Have a kubota l245dt. Whereabouts can I check the hydraulic oil level? Really struggling, unable to lift 100 kg on the back forks. It has been working ok for a while but just out of the blue it’s a real struggle, anyone with ideas??


----------



## pogobill (Jan 31, 2012)

https://www.tractorforum.com/threads/kubota-l245-owners.1395/page-5

Check out this thread, Post #89. It has an owners manual that may help you with all sorts of maintenance and service issues.


----------



## sixbales (May 18, 2011)

Hello Schmutzi, welcome to the forum.

You need to get an owner/operators manual, before you do some damage to your tractor.

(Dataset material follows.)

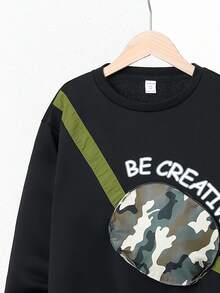 SHEIN Cậu bé Tween Camo & Đồ họa Chữ cái Áo chui đầu & Túi có nắp Quần - xanh quân đội - Xem 4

The L245DT has a fluid level check plug on the left side of the transmission (near your left foot while seated on tractor). You fill the reservoir until hydraulic fluid comes out this hole.


----------



## dvn11129 (2 mo ago)

sixbales said:


> Hello Schmutzi, welcome to the forum.
> 
> You need to get an owner/operators manual, before you do some damage to your tractor.
> 
> The L245DT has a fluid level check plug on the left side of the transmission (near your left foot while seated on tractor). You fill the reservoir until hydraulic fluid comes out this hole.


Will that fill all the hydrdaulics including the rear axle


----------



## dvn11129 (2 mo ago)

will that fill all the hydraulic system including the rear axle by filling the transmission


----------